Before a shard can call requestFunding, it must be registered with the strategy:


strategy.registerShard(shardAddress);       // DEFAULT_ADMIN_ROLE
strategy.deregisterShard(shardAddress);     // MANAGER_ROLE
strategy.isRegisteredShard(shardAddress);   // view
strategy.shards();                          // view, returns all registered addresses

Registration does not establish any ERC-20 allowance; the strategy transfers directly on requestFunding.

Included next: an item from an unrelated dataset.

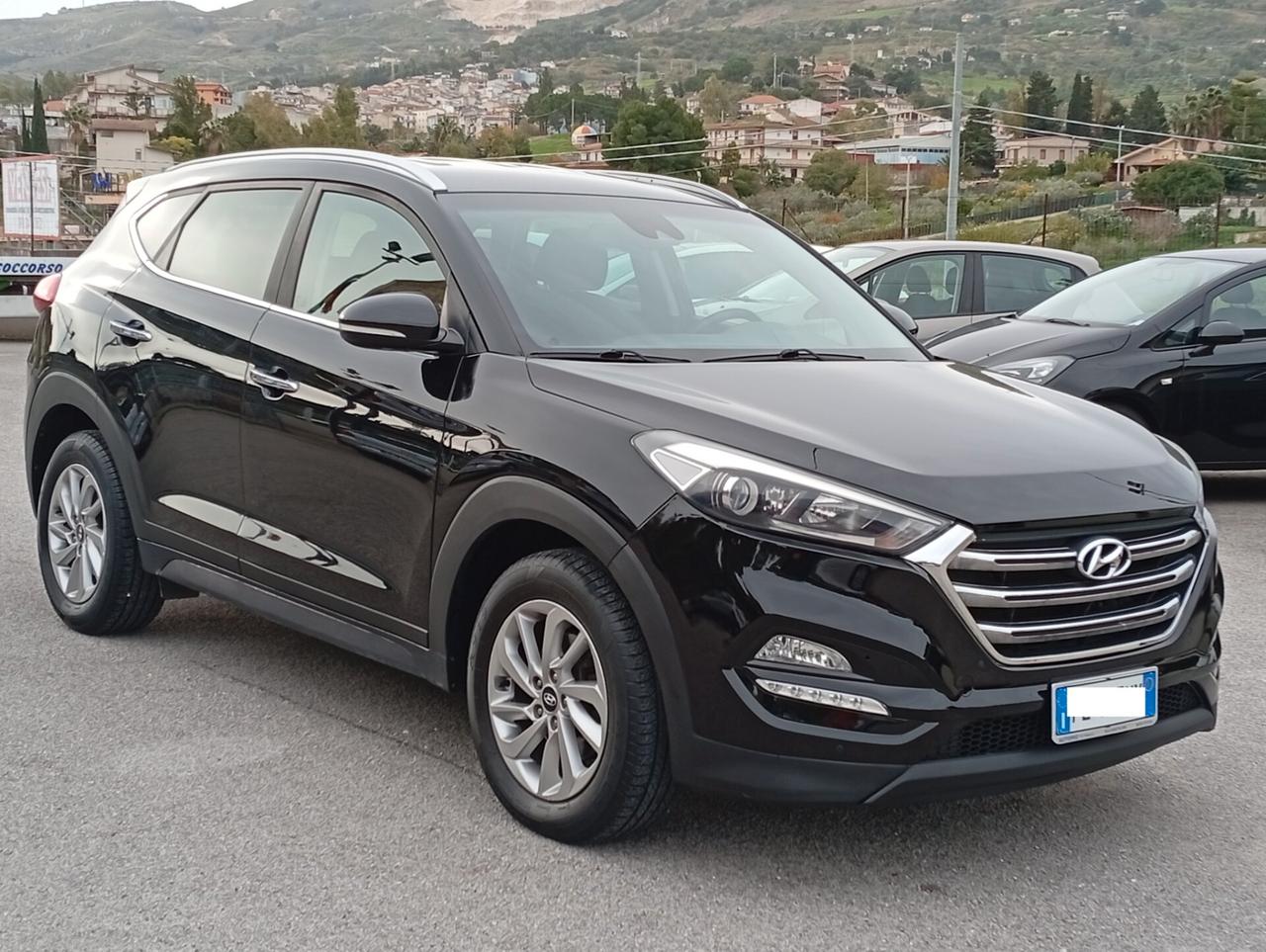 Hyundai Tucson 2.0 CRDi 4WD aut. Sound Edition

Deregistering the current defaultShard automatically clears it to address(0).

Default shard


strategy.setDefaultShard(shardAddress);   // MANAGER_ROLE (must be a registered shard or address(0))
strategy.defaultShard();                  // view

When a defaultShard is configured, every successful deposit automatically forwards the net deposit tokens to that shard after minting shares. This is the primary mechanism for deploying freshly deposited capital without a separate operator step.

MerkleAllowlistValidator

MerkleAllowlistValidator is the standard IShardExecValidator implementation. It stores a single Merkle root on-chain and validates each exec call against a rule supplied with a Merkle proof. A zero root denies all calls.

For the complete rule encoding reference, full TypeScript examples, a step-by-step worked scenario, and security considerations see Shard Validators.